Exercise inputs Start Marker
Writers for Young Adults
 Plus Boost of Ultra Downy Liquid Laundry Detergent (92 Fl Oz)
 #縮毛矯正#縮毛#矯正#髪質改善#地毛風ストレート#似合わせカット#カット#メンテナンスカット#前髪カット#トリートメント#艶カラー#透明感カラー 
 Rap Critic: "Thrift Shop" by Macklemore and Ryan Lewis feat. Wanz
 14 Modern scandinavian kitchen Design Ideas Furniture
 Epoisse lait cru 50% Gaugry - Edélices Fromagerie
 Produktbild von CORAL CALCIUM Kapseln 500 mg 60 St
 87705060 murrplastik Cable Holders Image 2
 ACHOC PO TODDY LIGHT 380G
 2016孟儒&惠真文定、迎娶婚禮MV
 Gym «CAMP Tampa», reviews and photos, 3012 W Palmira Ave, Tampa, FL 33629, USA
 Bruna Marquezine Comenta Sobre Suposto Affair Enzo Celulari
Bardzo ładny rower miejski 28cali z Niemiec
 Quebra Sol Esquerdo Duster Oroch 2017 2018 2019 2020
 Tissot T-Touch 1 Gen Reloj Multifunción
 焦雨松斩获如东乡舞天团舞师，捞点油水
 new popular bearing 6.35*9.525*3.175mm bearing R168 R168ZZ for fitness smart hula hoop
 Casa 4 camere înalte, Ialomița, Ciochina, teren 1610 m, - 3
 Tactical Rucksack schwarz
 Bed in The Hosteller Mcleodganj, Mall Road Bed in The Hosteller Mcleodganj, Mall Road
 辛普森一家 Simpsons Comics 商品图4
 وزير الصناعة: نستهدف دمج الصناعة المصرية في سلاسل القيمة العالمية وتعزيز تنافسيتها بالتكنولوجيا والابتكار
Exercise inputs End Marker
## [What the exercise asks]
Quote the data above from the line containing "Tissot T-Touch 1 Gen Reloj Multifunción" to the line containing "辛普森一家 Simpsons Comics 商品图4", inclusive, and stop.

## [Expected answer]
 Tissot T-Touch 1 Gen Reloj Multifunción
 焦雨松斩获如东乡舞天团舞师，捞点油水
 new popular bearing 6.35*9.525*3.175mm bearing R168 R168ZZ for fitness smart hula hoop
 Casa 4 camere înalte, Ialomița, Ciochina, teren 1610 m, - 3
 Tactical Rucksack schwarz
 Bed in The Hosteller Mcleodganj, Mall Road Bed in The Hosteller Mcleodganj, Mall Road
 辛普森一家 Simpsons Comics 商品图4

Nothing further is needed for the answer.